• Your assignment
Provide a verbatim copy of all the records below, leaving the images out.

• Supplied material
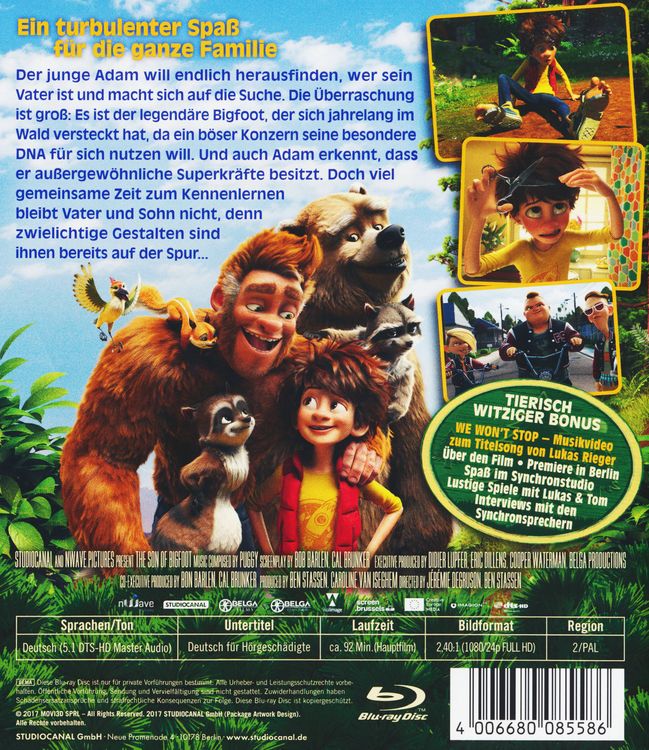 Produktbild: Bigfoot Junior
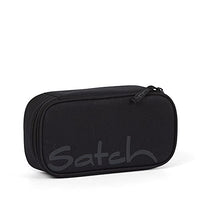 Thumbnail for Satch Blackjack pencil case, extra space, divider, protractor, black on sale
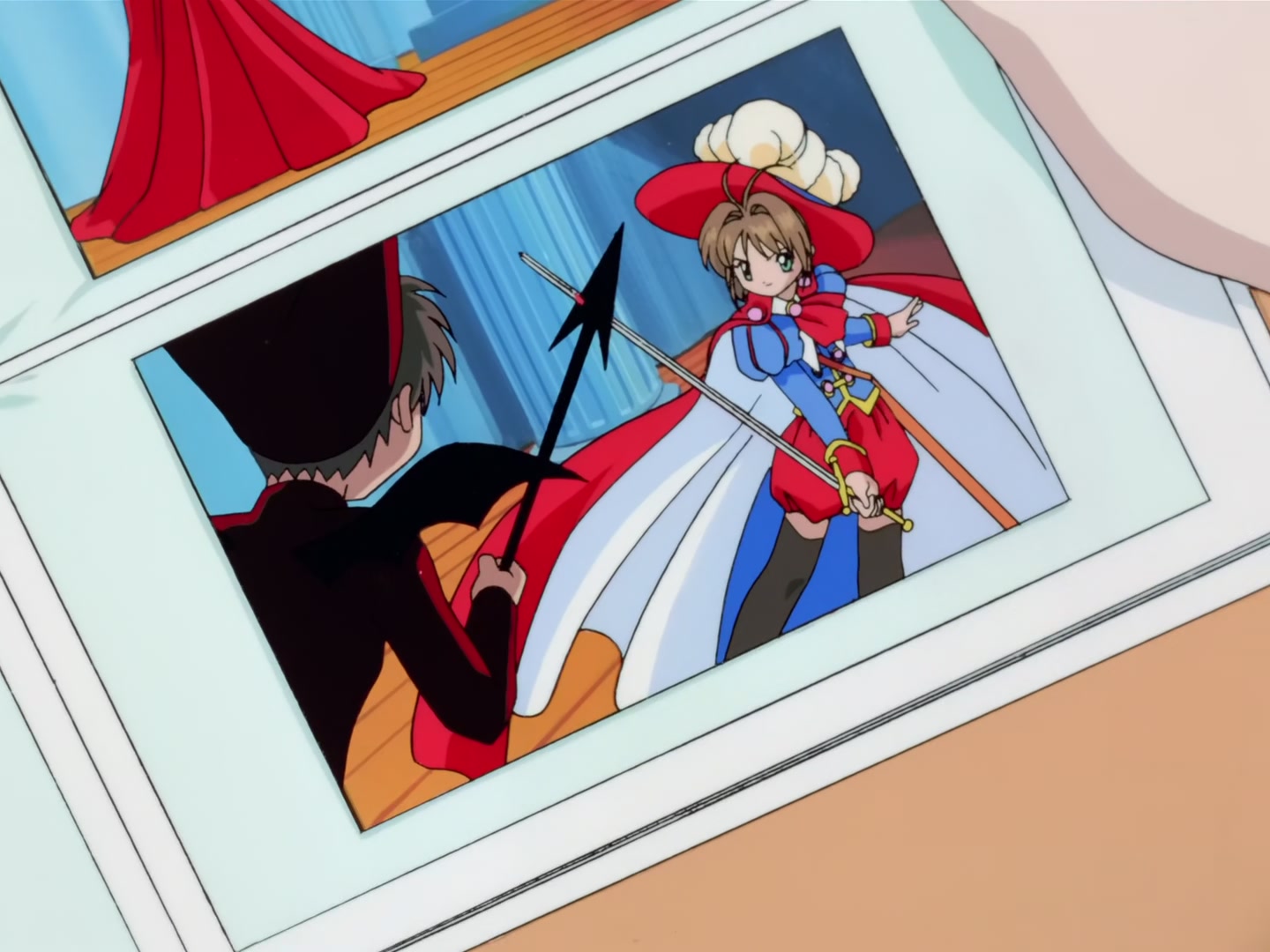 Cardcaptor Sakura Ep 43: Sakura and Farewell to Meiling @ 00:03:47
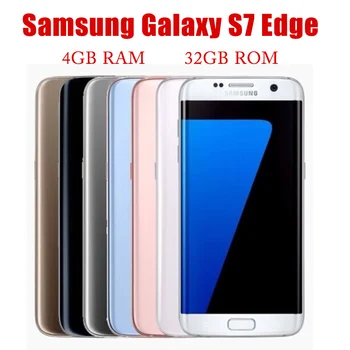 Samsung Galaxy S7 edge G935F Глобальная Версия Оригинальный 4G LTE Восьмиядерный 5,5 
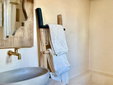 Bathroom at Casa da Ria, Santa Luzia, Secret Places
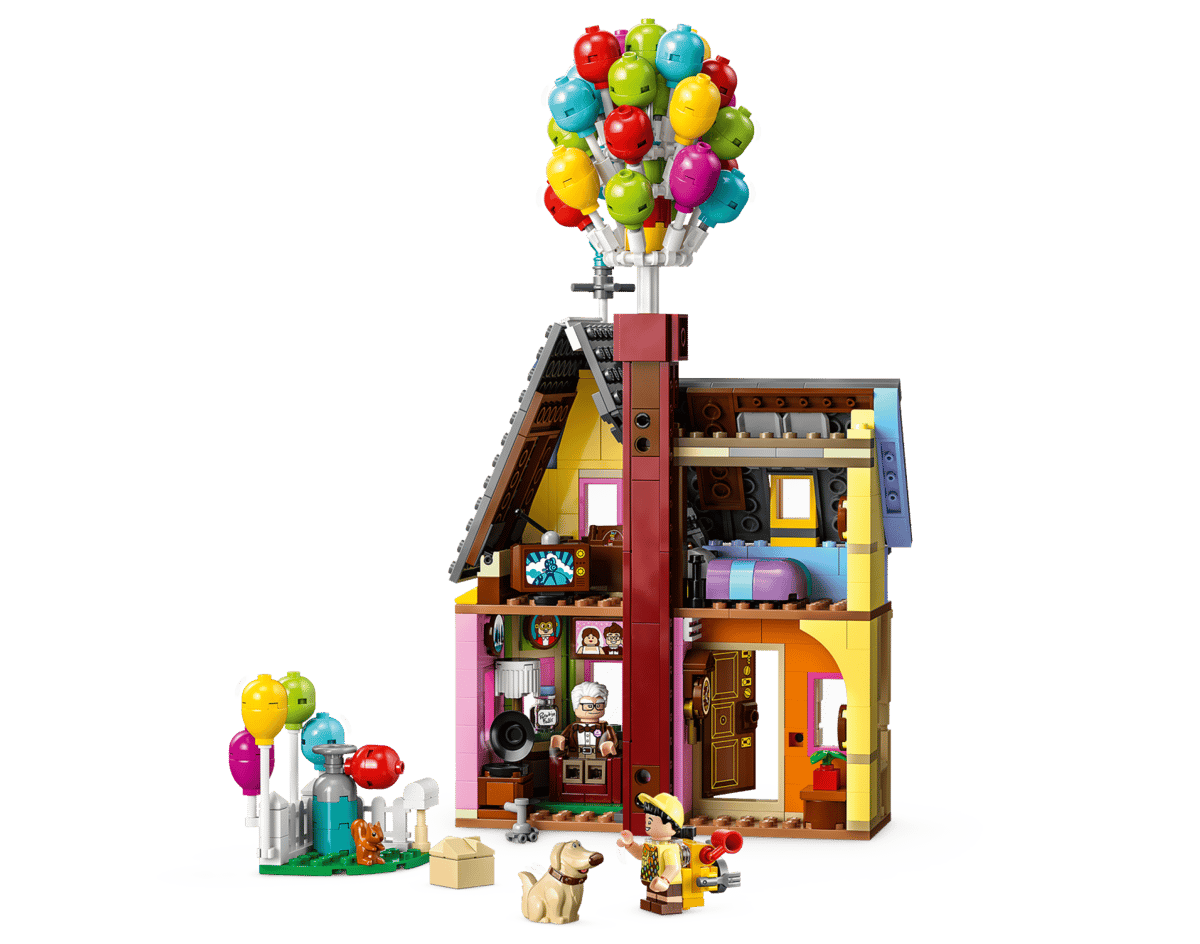LEGO Disney ’Up’ House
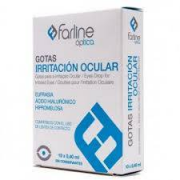 Farline Optica Gotas Irrit Ocul 0,4mlx10
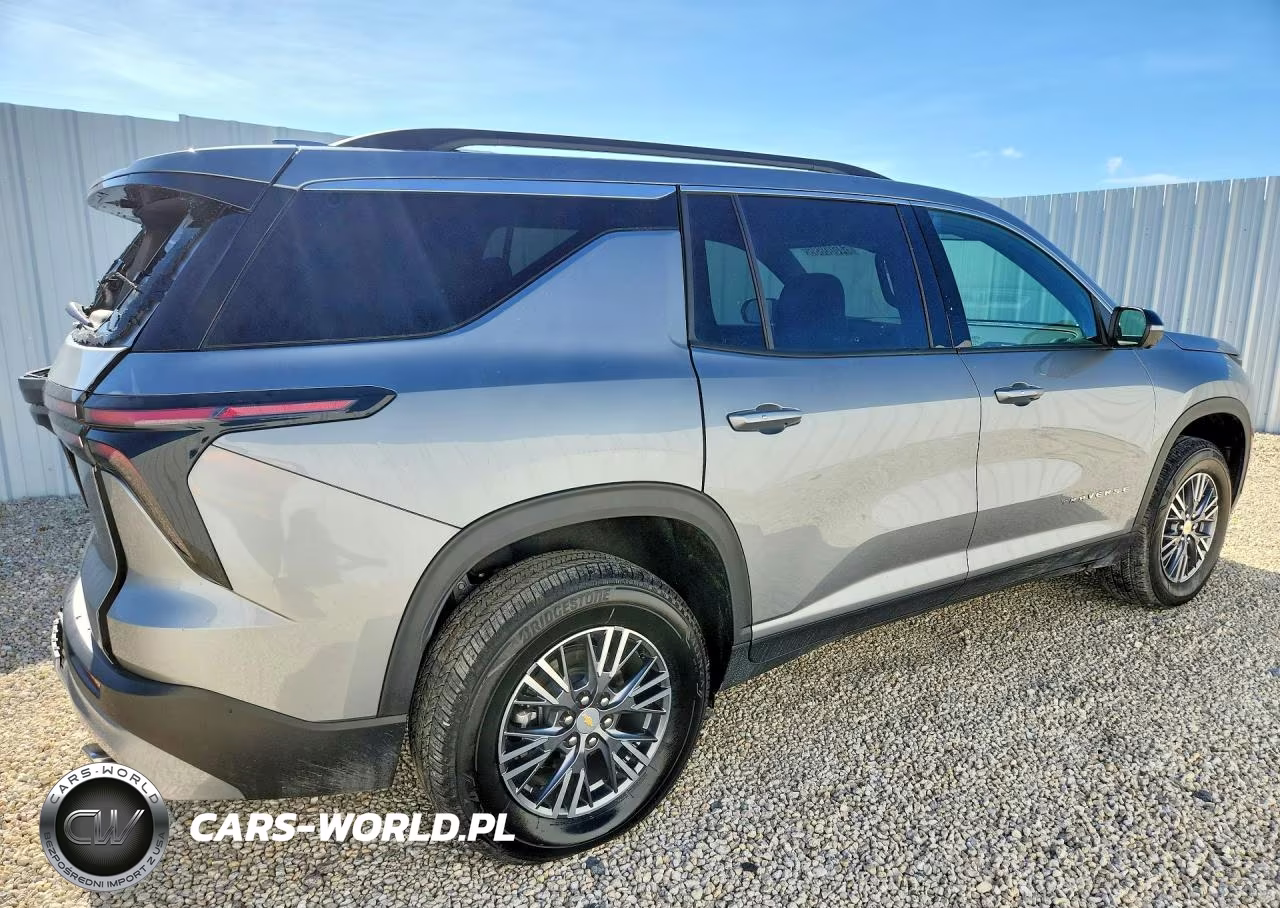 2026 Chevrolet Traverse Lt VIN:1GNERGKS8TJ306565 - 3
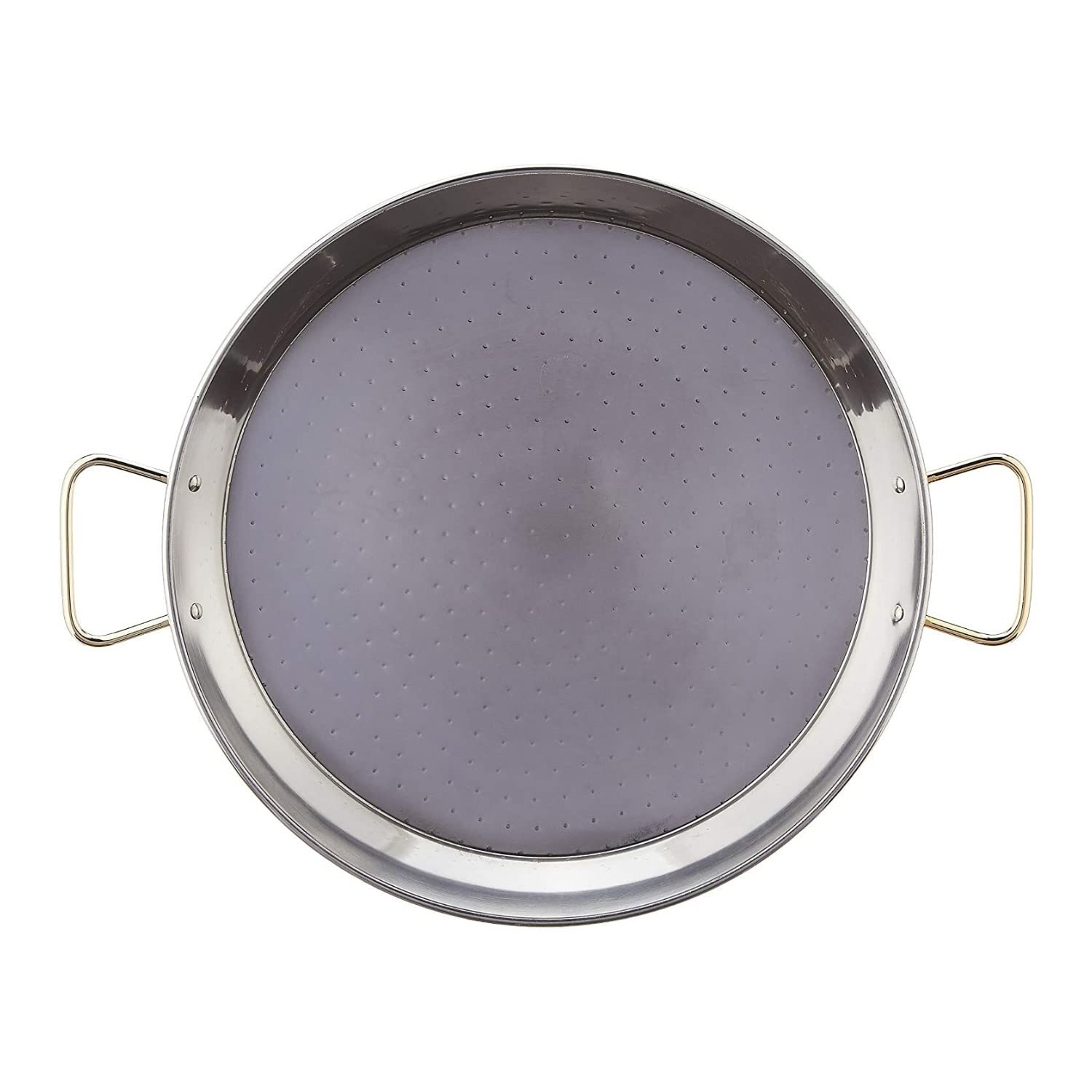 Garcima 16-Inch Stainless Steel Paella Pan, 40 Cm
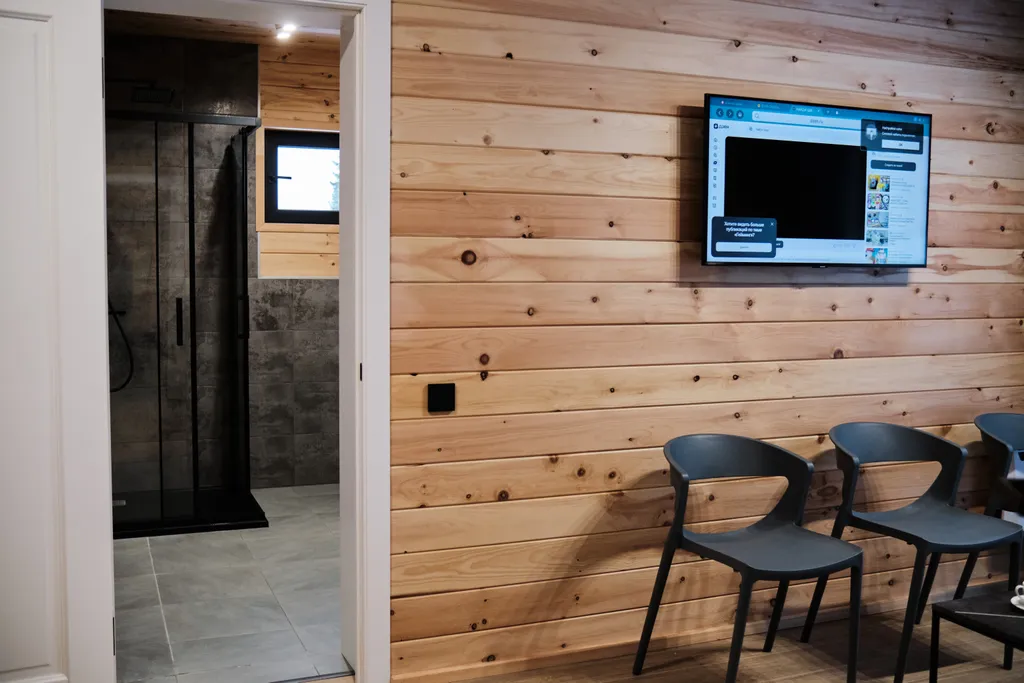 Двухкомнатный дом с сауной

• Exercise result
 Produktbild: Bigfoot Junior
 Thumbnail for Satch Blackjack pencil case, extra space, divider, protractor, black on sale
 Cardcaptor Sakura Ep 43: Sakura and Farewell to Meiling @ 00:03:47
 Samsung Galaxy S7 edge G935F Глобальная Версия Оригинальный 4G LTE Восьмиядерный 5,5 
 Bathroom at Casa da Ria, Santa Luzia, Secret Places
LEGO Disney ’Up’ House
 Farline Optica Gotas Irrit Ocul 0,4mlx10
 2026 Chevrolet Traverse Lt VIN:1GNERGKS8TJ306565 - 3
 Garcima 16-Inch Stainless Steel Paella Pan, 40 Cm
 Двухкомнатный дом с сауной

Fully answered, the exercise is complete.